Travaille moy tousjours, ma douleur m’est plaisante :
Cherche moy tout par tout, rien ne t’est defendu :
Mais fay que mon tourment ne soit point entendu,
Et que ma belle flamme ailleurs ne soit luisante.

Ayant d’un cœur hautain jusqu’au ciel aspiré,
Aux plus cruels tourmens je me suis preparé,
Rigueurs, gesnes, prisons, fers & feux je mesprise :

Si rien me fait pallir, c’est helas ! seulement
Que mon feu soit connu par mon embrasement,
Et que les mesdisans troublent mon entreprise.


IX.


Amour peut à son gré me tenir oppressé,
Et m’estre (helas à tort !) rigoureux & contraire :
Je veux demeurer ferme, & ne faut qu’il espere
Qu’en adorant vos yeux je sois jamais lassé.

Je voy bien mon erreur, & que j’ay commencé
(Nouveau frere d’Icare) un vol trop temeraire :
Mais je le voy trop tard, & ne m’en puis distraire,
Par la mort seulement il peut estre laissé.

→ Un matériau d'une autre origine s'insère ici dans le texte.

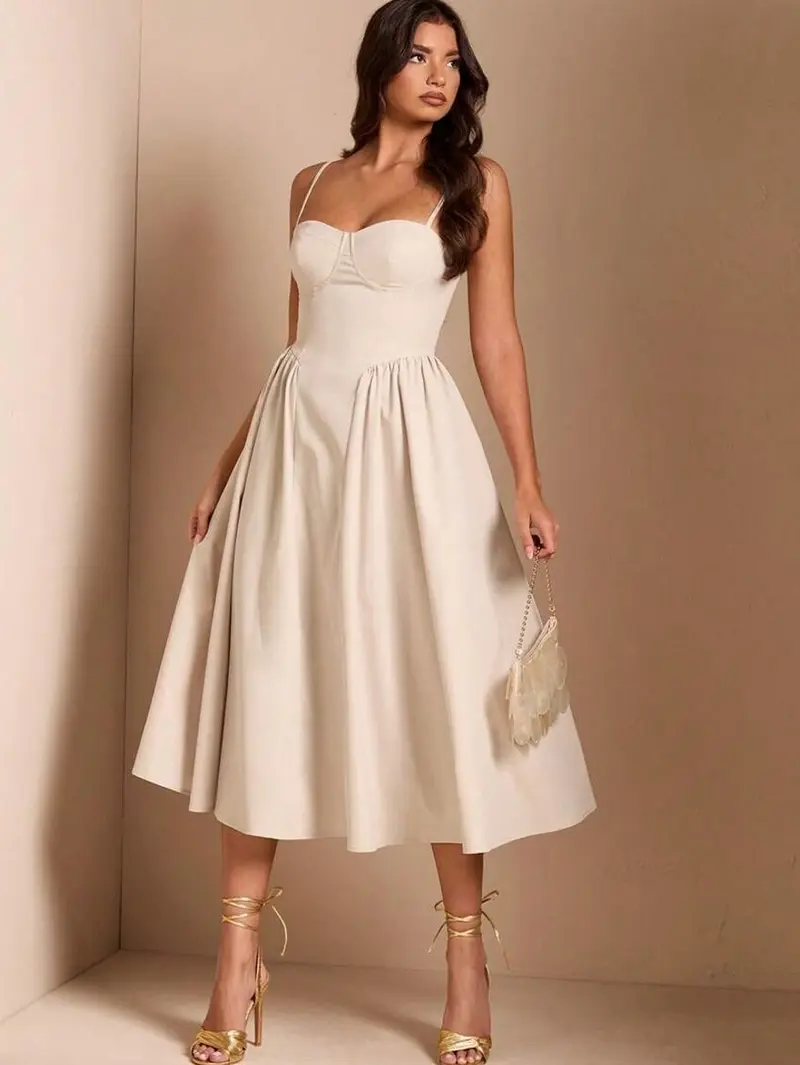Long white classy flowy dress - TikTok Shop Long white classy flowy dress - TikTok Shop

Raison, arriere donc : Ta remonstrance est vaine,
Si je meurs en chemin je seray hors de paine,
Et par mon haut desir j’honore mon trespas.

Il faut continuer, quoy que j’en doive attendre :
» Ce fut temerité de l’oser entreprendre,
» Ce seroit lascheté de ne poursuivre pas.